Let’s say it right away, without beating around the bush: Charles III with his terribly British accent (which Americans like so much) gave Donald Trump a lesson in politics and history. But not the pedantic lesson from a civic education textbook. No: a lesson of those that go unnoticed, with a smile on the lips and the knife well hidden in the napkin. Pure English humor, that is, the most elegant form of superiority ever invented.
The scene was almost didactic. Trump who elbows his way, gets agitated, tries to take center stage as he always does – between slightly embarrassed family anecdotes, cheap social media gimmicks (“Two Kings”, really?) and that reality show gestures that confuse power with choreography. And on the other side Carlo, motionless, elegant, like an ancient column, which doesn’t need to do anything to be there. Indeed: the less it does, the more it weighs.

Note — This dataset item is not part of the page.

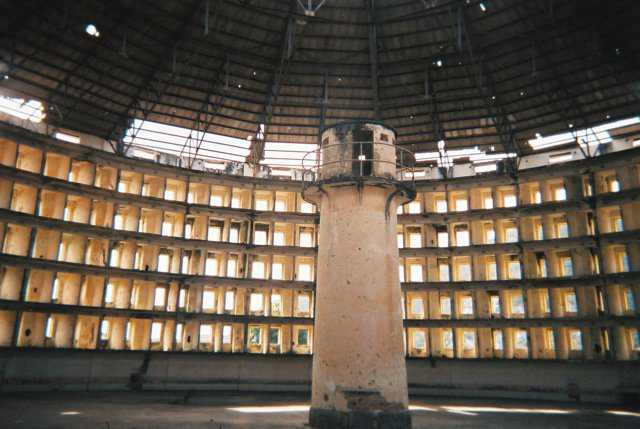 The Interior of the Presidio Modelo — The architecture incorporates a tower central to a circular building that is divided into cells, each cell extending the entire thickness of the building to allow inner and outer windows. The occupants of the cells are thus backlit, isolated from one another by walls, and subject to scrutiny both collectively and individually by an observer in the tower who remains unseen.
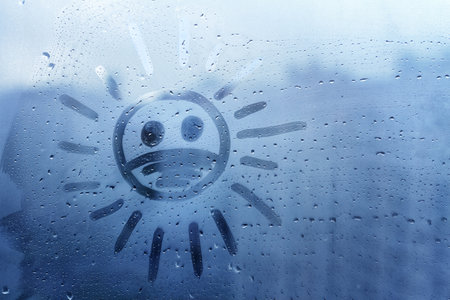 Hand drawn sad face against virus painted on window flooded with raindrops on blue backgroundの写真素材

The masterpiece, however, lies in the nuances. When Carlo recalled that the United States is just over 250 years old, he added – with that lightness that is typical only of those who know exactly where to strike – that for an Englishman it is “like saying the day before yesterday”. A tiny, almost invisible sentence. Yet there is everything inside: history, irony, and a hierarchy of time that puts everyone back in their place. What royal class!
Then along comes Oscar Wilde, nonchalantly evoked in front of a Congress that suddenly finds itself capable of laughing. And again the jab at the language – English or French doesn’t matter, as long as it’s a lesson – which forces even Emmanuel Macron to recognize the style with a “very chic” that sounds like a handshake between gentlemen.
Trump cashes in. He smiles through gritted teeth. And maybe, for a moment, he also understands. But it’s just a moment. Because his problem is structural: he wants to be king without having the bearing. Trade authority for volume, leadership for visibility. Carlo, on the other hand, demonstrates the opposite: the less you impose yourself, the more you count.
And be careful: under the velvet there is steel, missiles. Ukraine, NATO, environment. Carlo lines up the themes one after the other, without raising his voice, without ever turning the speech into a rally. A political surgery that leaves no visible signs but works in depth.
The passage on the Magna Carta is almost treacherous in its composure: remembering that power has limits, even while speaking to those who consider limits optional. And mentioning John F. Kennedy as if he were a distant relative, one of the family, while today it already seems like an archaeological find. Let us remember that, if it is true that without the Americans who defeated Hitler the English would speak German, it is also true that without the English they would speak French, referring to the war of the English motherland against eighteenth-century France which owned half the American continent.
In the end this image remains: a man who would like to be king and one who is without having to prove it. Trump tweets “Two Kings.” Carlo, without tweeting anything, reminds him that kings do not proclaim themselves. They recognize each other.
And, above all, they don’t need to say that two hundred and fifty years is a long time. Because they know – with a half smile – that, in their story, they are just the day before yesterday.